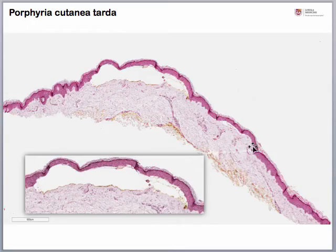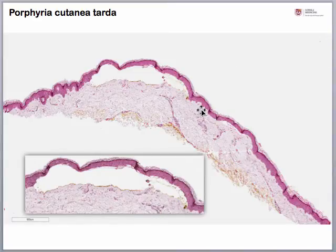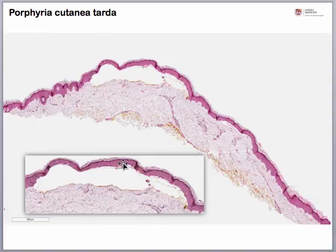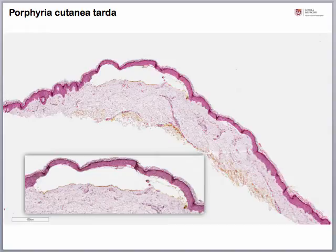The next case shows a subepidermal split between the dermis and the epidermis that is really lacking inflammatory cells — it's very clean. On higher power view, we can see caterpillar bodies, which are basically remnants of dead keratinocytes sticking to the roof of the blister, and hyalinized dermal blood vessels on high power. I strongly encourage you to go to the online review as well, where you will have access to annotated slides after the exam to review these features at much higher power.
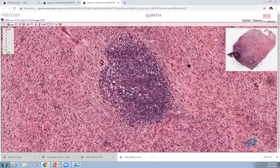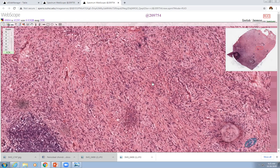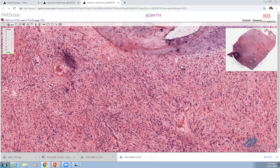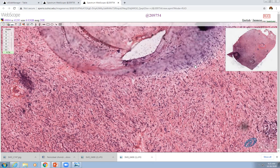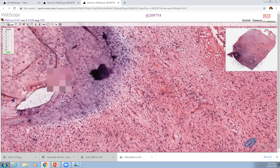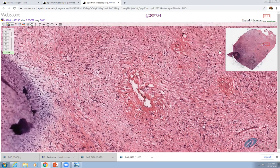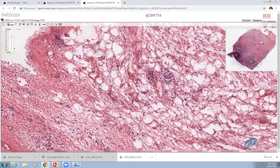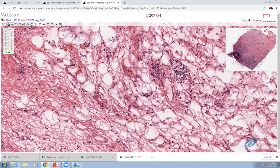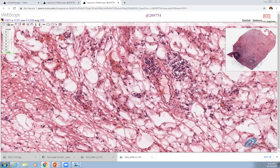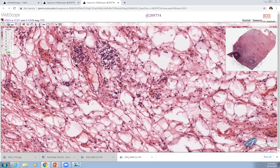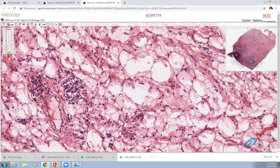Looking at the periphery of this lesion, we can see that the spindle cell population is not highly cellular, not highly pleomorphic, but it's certainly atypical. As we come to the periphery, we can see a border of fatty tissue here. Looking at this more closely, we don't see a huge degree of atypia, although there are a few atypical cells in the fatty tissue.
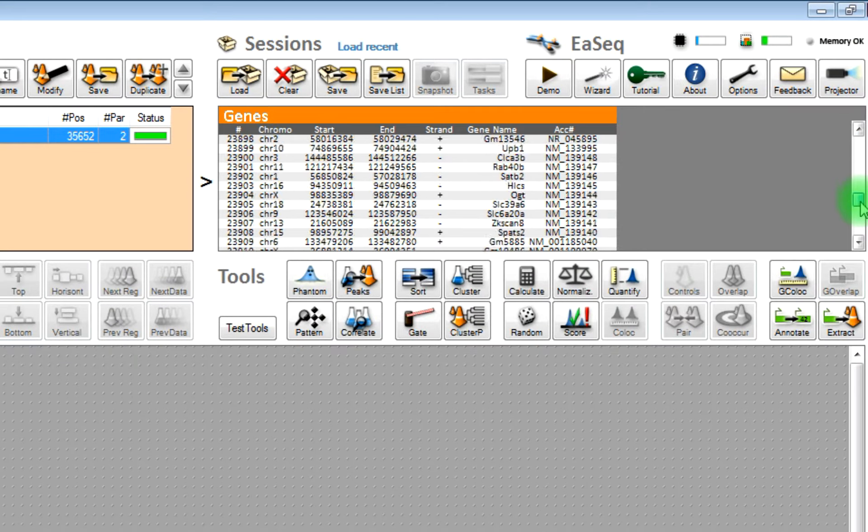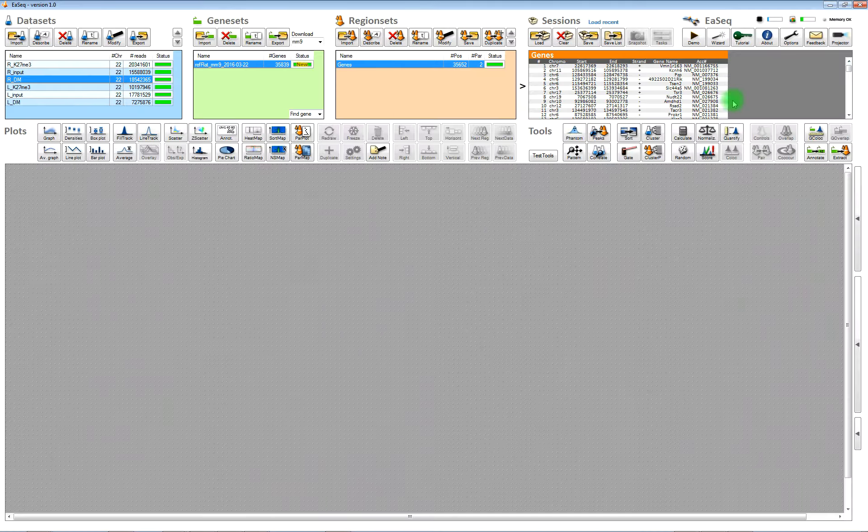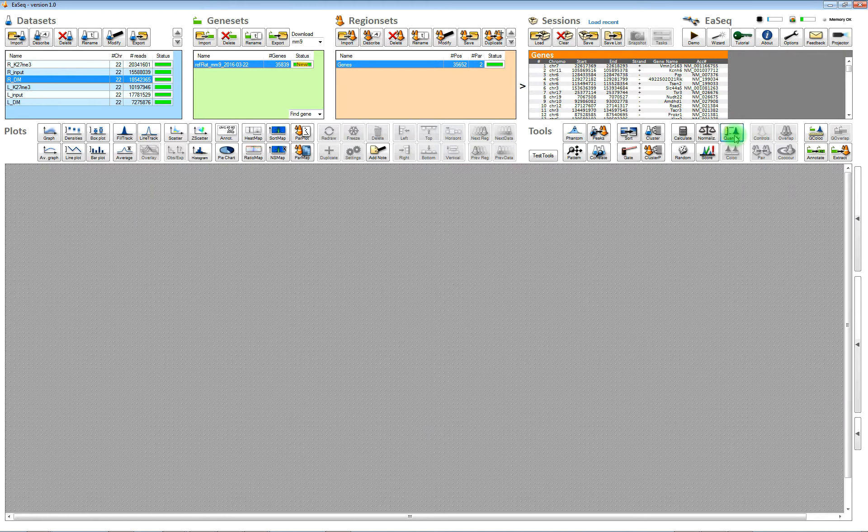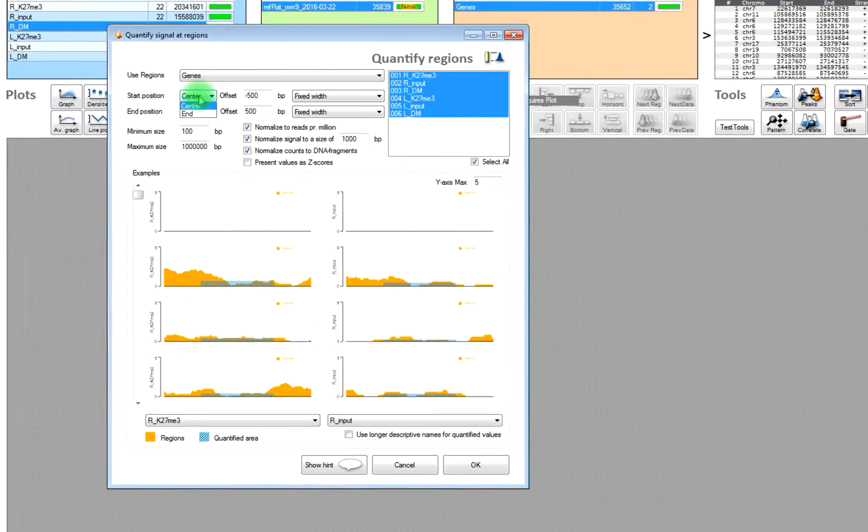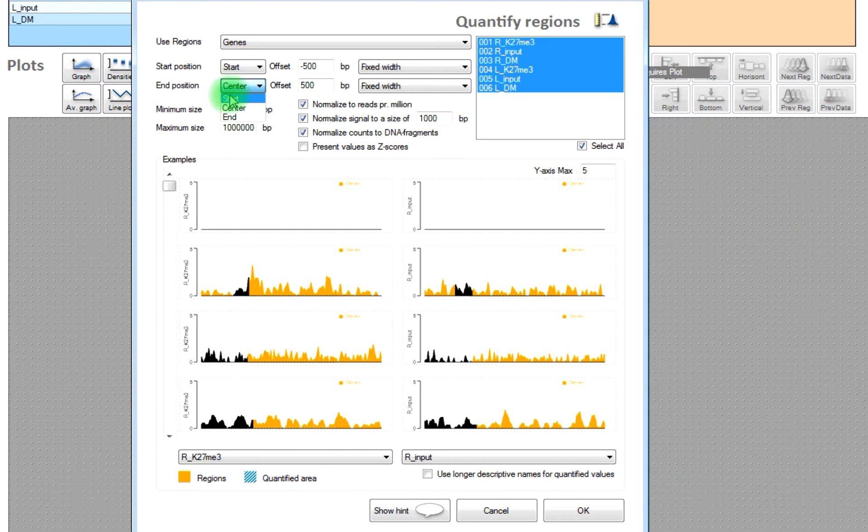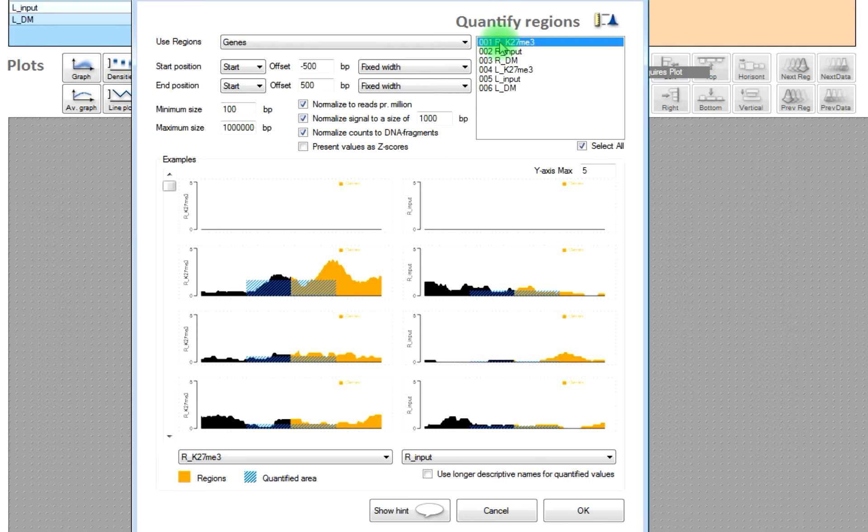You can see the list of genes here and once you have the genes, then you can start to quantify the amount of chipset data. Here we'll quantify the level at the transcription start sites, so that corresponds to the starts of the regions.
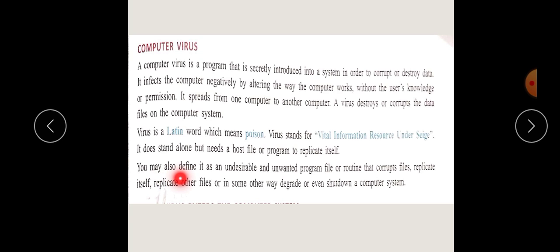You may also define it as an undesirable and unwanted program file. यह वो program है जो आप नहीं चाहते कि आपके system में आए। यह automatically shortcuts बनाने लग जाता है और files को तबाह करना चाहता है। कोई नहीं चाहता कि ऐसा virus उनके PC में आए। In some other ways, it can degrade and even shut down a computer system।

▸ Work item
Your copy should hold all the data word for word. It should hold no pictures.

▸ Reply to the exercise
The next case shows a subepidermal split between the dermis and the epidermis that is really lacking inflammatory cells — it's very clean. On higher power view, we can see caterpillar bodies, which are basically remnants of dead keratinocytes sticking to the roof of the blister, and hyalinized dermal blood vessels on high power. I strongly encourage you to go to the online review as well, where you will have access to annotated slides after the exam to review these features at much higher power.
Looking at the periphery of this lesion, we can see that the spindle cell population is not highly cellular, not highly pleomorphic, but it's certainly atypical. As we come to the periphery, we can see a border of fatty tissue here. Looking at this more closely, we don't see a huge degree of atypia, although there are a few atypical cells in the fatty tissue.
You can see the list of genes here and once you have the genes, then you can start to quantify the amount of chipset data. Here we'll quantify the level at the transcription start sites, so that corresponds to the starts of the regions.
You may also define it as an undesirable and unwanted program file. यह वो program है जो आप नहीं चाहते कि आपके system में आए। यह automatically shortcuts बनाने लग जाता है और files को तबाह करना चाहता है। कोई नहीं चाहता कि ऐसा virus उनके PC में आए। In some other ways, it can degrade and even shut down a computer system।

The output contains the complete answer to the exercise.